We have accumulated thirteen storm days thus far this school year. Meaning, there have been thirteen non-consecutive days thus far in the school year here on P.E.I. for which school has been cancelled due to this unusually brutal winter we are having in Atlantic Canada (a winter which seems to be equally as brutal in much of the rest of North America as well, I might add). Last week, added to the mix a total of five consecutive days of cancelled classes, stimulating much talk in public and private circles which concern themselves with educational matters. Talk by people concerned with outcomes and expectations. People concerned with time off task and focused in-class instruction. People concerned that ‘students not learning within the four corners of the school walls must then not be learning’. People concerned with the matter that students need to be in school, not whittling their time away doing what kids like to be doing, whatever that might be.

Yes, there have been lots of missed classes. Extreme weather conditions being the reason for such. These weather conditions can and may include blowing snow (thus reducing visibility), snow accumulations exceeding 10 cm, blizzard conditions, freezing rain or poor road conditions (impassable laneways). Fortunately, we have not gone so far here on P.E.I. to sacrifice student safety for the almighty tax-dollar. Or should I say: we haven’t done so often (there was that one day, but that was back in February- we have moved on since then). Thankfully, there would not be too many people here in our parts who would fault the schools for cancelling classes, but there are always a few who believe that classes must be made up. In other words, compensated for. By way of a sacrifice of some sort on behalf of the teachers and the schools. Which is to say, that something has to give. For that money has been invested in student learning; there must be a way of making good on our students’ education. So as to not lose said valuable education to such an unpredictable winter.
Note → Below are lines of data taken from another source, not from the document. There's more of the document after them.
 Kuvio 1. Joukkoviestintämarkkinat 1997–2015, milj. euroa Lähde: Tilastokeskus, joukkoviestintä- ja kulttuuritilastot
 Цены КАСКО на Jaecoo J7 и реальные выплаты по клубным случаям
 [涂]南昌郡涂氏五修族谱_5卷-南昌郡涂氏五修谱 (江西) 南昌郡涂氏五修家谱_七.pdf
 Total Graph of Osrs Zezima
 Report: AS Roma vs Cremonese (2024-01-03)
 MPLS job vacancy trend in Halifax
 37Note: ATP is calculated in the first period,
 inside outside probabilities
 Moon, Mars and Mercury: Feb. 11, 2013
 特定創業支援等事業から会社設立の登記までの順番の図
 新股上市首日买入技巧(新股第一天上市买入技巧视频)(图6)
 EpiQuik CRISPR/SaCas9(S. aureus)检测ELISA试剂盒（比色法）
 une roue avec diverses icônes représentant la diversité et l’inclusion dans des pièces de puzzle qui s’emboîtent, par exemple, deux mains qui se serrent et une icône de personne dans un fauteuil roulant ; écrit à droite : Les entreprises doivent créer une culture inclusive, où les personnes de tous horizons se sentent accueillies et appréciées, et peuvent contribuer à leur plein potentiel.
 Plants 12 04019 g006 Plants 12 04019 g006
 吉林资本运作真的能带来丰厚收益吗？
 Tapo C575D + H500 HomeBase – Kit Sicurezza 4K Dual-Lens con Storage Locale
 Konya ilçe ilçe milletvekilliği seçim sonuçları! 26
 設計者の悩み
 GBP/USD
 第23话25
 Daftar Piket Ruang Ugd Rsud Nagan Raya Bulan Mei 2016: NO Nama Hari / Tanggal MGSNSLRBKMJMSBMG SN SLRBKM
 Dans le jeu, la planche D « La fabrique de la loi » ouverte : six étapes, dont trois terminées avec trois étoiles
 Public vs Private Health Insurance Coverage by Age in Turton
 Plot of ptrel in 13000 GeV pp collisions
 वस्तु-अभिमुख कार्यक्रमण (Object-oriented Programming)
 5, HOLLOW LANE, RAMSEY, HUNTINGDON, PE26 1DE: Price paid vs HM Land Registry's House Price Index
It has even been said, as evidenced in the above quote, that missing school is a disaster.

Thus, when school is cancelled to this excessive extent, there are often calls from the public that the School Board and government examine the school year thus giving consideration to whether or not the days allotted to instruction should be extended. Or at the very least, giving heed to the preservation of such instructional time via cancellation of any upcoming scheduled professional development days or other holidays in light of the missed class time. Class time deemed suitably important in that missing such time which would have been spent achieving curricular outcomes and meeting grade level expectations is too great a trade off. Thus, the reason for extending school years, decreasing P.D. days or cancelling holidays.

The debate for me is not the loss of professional development so as to preserve instructional time. If there is a benefit for students and a way to show good will to the public, I am all for that. What bothers me about all the debate and hullabaloo are comments like the Minister’s above which infer that missing school is a disaster (of epic proportions). Which, I would submit, it is not.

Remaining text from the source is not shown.